_GIVEN DATA_
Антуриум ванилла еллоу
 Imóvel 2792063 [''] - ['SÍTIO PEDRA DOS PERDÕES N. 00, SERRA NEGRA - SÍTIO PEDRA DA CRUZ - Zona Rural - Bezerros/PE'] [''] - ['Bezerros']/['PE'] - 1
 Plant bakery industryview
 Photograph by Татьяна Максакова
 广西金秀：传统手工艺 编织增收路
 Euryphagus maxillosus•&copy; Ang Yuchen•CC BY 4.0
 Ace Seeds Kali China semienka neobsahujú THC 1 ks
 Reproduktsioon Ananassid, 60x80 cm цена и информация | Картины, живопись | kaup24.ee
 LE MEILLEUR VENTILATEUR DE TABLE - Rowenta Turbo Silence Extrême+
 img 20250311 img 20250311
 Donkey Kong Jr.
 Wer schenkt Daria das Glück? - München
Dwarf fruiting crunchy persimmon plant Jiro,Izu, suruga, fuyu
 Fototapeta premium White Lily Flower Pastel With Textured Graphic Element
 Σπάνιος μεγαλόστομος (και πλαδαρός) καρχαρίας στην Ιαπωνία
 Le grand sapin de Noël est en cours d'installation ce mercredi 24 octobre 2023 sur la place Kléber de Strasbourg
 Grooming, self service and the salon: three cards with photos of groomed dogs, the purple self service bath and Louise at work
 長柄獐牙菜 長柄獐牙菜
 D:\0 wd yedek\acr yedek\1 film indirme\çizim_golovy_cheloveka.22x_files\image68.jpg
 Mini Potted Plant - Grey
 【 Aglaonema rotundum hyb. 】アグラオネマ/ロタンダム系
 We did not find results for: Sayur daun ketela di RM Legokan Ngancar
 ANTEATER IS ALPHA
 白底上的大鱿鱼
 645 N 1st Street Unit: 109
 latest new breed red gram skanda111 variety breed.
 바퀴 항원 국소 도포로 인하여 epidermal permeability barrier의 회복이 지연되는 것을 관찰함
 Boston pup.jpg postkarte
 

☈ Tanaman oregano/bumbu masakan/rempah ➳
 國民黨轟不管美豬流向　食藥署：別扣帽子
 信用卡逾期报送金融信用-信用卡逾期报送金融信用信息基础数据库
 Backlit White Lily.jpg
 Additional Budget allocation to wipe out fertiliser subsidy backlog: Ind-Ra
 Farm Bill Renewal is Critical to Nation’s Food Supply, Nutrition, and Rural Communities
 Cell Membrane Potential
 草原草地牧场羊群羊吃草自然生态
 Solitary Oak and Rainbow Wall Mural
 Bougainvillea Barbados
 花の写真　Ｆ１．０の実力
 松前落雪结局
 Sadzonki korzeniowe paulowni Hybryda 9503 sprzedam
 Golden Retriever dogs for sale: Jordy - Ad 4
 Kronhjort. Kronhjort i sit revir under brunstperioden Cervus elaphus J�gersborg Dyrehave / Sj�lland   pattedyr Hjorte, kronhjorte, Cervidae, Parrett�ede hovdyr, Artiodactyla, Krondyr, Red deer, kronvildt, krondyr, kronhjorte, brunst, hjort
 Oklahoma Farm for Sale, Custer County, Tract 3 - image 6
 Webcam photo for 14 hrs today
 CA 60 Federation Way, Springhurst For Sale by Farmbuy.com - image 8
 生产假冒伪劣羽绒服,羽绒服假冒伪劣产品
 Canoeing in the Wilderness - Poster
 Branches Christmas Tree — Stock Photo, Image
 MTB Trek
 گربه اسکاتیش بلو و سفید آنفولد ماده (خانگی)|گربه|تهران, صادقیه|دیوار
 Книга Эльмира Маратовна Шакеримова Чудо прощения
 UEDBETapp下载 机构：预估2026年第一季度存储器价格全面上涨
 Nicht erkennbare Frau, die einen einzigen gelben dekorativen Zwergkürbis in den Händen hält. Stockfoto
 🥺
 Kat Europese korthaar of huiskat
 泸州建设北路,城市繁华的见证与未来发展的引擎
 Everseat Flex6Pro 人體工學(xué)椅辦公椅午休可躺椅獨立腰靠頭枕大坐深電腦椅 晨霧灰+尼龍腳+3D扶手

_WHAT THE TASK ASKS_
For this exercise, copy every line of the data that holds "White".

_RESPONSE TO THIS TASK_
 Fototapeta premium White Lily Flower Pastel With Textured Graphic Element
 Backlit White Lily.jpg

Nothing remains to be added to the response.